> **Exercise aim**: Return all of the data that follows precisely, leaving every image out.

> **Data provided**:
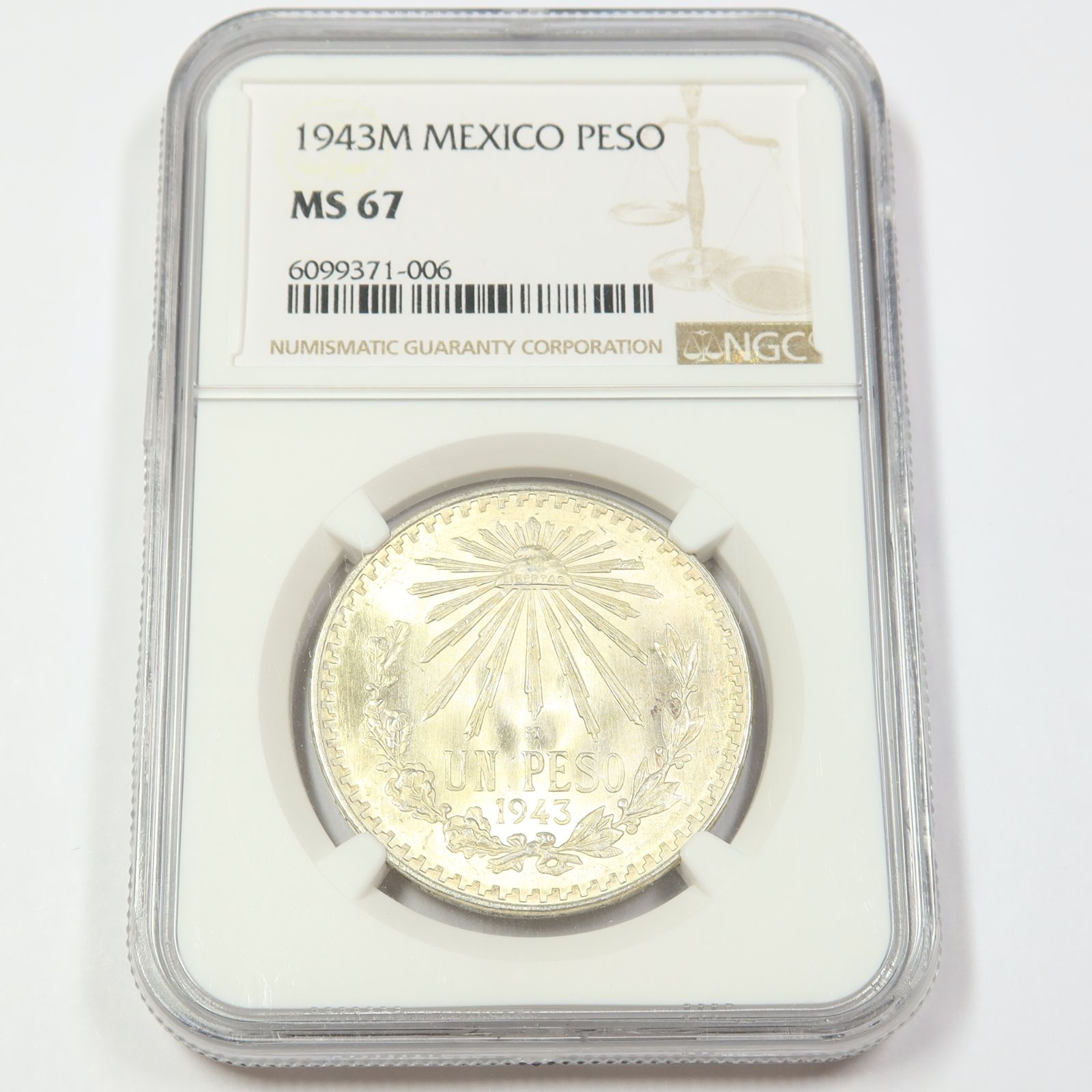 1943 M NGC MS67 - メキシコ - 銀貨 1ペソ - メルカリ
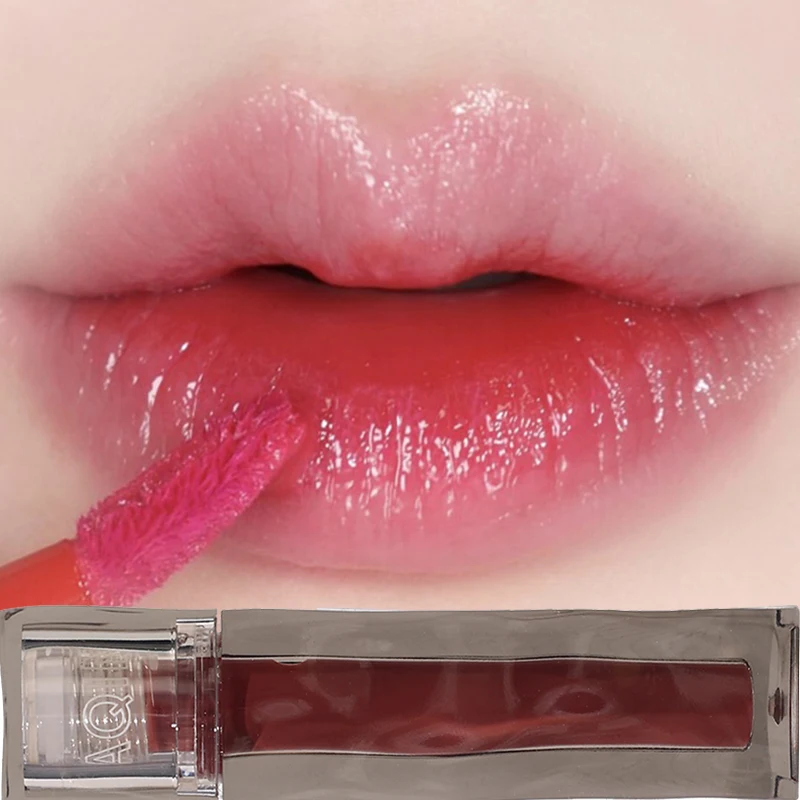 Dark Red Brown Mirror Glass Lipstick Cosmetic Long Lasting Sexy Lip Tint Makeup Matte Velvet Transparent Lip Gloss Waterproof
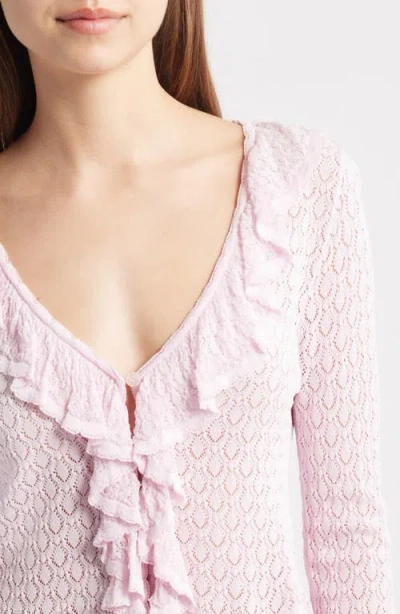 Loveshackfancy Nilah Ruffle Pointelle Cardigan In Multi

> **Task solution**:
 1943 M NGC MS67 - メキシコ - 銀貨 1ペソ - メルカリ
 Dark Red Brown Mirror Glass Lipstick Cosmetic Long Lasting Sexy Lip Tint Makeup Matte Velvet Transparent Lip Gloss Waterproof
 Loveshackfancy Nilah Ruffle Pointelle Cardigan In Multi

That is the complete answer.